ChatNet [2] proposes a modular framework for intent-to-configuration generation and quantitatively compares zero-shot, few-shot, CoT, and RAG prompts in a capacity-planning scenario using relative LLM score and human intervention counts. NETBUDDY [3] leveraged GPT-4 to compile declarative, high-level network policies into concrete P4 table-entry and BGP configurations, and further showed that batching multiple requirements can cut the per-requirement synthesis cost by roughly six-fold in selected scenarios. Mani et al. [4] proposed an LLM-based approach for generating network management code. In the NeMoEval benchmark, GPT-4 achieved 88% functional correctness when synthesizing traffic analysis programs that leverage the Python NetworkX library; their evaluation covered a variety of synthetic and production-inspired topologies, rather than being limited to live production networks. This study contributes an exercise-specific YANG profile and evaluates it across multiple LLMs, directly addressing the domain-adaptation gap outlined in [2].

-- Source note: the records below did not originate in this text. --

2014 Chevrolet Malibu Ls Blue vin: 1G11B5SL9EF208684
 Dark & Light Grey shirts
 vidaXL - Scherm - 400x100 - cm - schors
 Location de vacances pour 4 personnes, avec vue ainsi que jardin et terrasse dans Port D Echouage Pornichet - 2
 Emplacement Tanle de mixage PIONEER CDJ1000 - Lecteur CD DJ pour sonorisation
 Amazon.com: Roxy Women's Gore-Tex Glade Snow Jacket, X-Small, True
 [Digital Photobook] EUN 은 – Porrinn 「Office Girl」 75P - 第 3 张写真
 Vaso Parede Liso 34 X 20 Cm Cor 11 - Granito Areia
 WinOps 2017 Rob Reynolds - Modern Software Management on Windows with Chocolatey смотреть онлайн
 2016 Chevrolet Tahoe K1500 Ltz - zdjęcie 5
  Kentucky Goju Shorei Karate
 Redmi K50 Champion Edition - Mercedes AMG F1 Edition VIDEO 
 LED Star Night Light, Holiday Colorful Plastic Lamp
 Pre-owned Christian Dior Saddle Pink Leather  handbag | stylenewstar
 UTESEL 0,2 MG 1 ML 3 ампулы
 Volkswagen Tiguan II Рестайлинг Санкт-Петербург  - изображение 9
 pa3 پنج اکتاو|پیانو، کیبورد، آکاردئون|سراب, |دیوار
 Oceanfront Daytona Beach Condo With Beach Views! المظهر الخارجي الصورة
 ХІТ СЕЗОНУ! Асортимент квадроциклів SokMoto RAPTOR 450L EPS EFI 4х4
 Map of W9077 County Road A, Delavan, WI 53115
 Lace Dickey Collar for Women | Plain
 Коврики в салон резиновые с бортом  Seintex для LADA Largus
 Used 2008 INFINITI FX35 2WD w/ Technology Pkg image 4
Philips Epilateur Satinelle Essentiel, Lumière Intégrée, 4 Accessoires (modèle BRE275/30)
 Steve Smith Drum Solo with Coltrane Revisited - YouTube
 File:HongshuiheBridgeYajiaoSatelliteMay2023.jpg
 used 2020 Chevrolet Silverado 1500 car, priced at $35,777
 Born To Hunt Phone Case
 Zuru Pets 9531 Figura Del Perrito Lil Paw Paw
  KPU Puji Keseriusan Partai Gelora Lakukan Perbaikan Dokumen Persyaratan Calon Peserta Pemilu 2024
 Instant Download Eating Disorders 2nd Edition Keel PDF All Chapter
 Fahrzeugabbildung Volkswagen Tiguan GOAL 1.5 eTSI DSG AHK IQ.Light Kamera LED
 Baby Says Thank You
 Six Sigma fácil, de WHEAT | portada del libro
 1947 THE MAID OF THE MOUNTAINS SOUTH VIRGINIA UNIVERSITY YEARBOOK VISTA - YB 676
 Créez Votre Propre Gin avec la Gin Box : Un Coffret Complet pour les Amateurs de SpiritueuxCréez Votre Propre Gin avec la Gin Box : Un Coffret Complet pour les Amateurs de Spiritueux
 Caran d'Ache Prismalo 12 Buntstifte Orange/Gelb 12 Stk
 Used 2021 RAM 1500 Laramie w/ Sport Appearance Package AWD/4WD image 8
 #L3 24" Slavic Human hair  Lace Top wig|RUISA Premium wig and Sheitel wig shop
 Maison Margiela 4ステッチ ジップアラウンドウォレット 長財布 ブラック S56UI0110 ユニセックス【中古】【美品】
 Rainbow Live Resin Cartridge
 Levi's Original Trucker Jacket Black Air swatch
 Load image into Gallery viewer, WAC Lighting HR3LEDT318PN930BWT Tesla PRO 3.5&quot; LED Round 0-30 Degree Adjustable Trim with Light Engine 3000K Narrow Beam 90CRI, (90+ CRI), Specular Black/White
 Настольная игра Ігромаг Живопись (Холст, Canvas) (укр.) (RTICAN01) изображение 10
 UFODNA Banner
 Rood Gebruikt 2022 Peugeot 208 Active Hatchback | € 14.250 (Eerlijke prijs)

2.5. YANG Extension Efforts

OpenConfig [20] supplies vendor-neutral YANG models for production networks but lacks Linux-specific and educational elements. Cisco NSO [14] abstracts services via YANG for multi-vendor deployments, but its standard distribution lacks a built-in workflow engine, requiring integration with external workflow management systems or additional Crosswork components for automated remediation. The present profile extends standard YANG systematically with iptables, OS versions, and exercise-specific device roles, and demonstrates its applicability in a learning environment.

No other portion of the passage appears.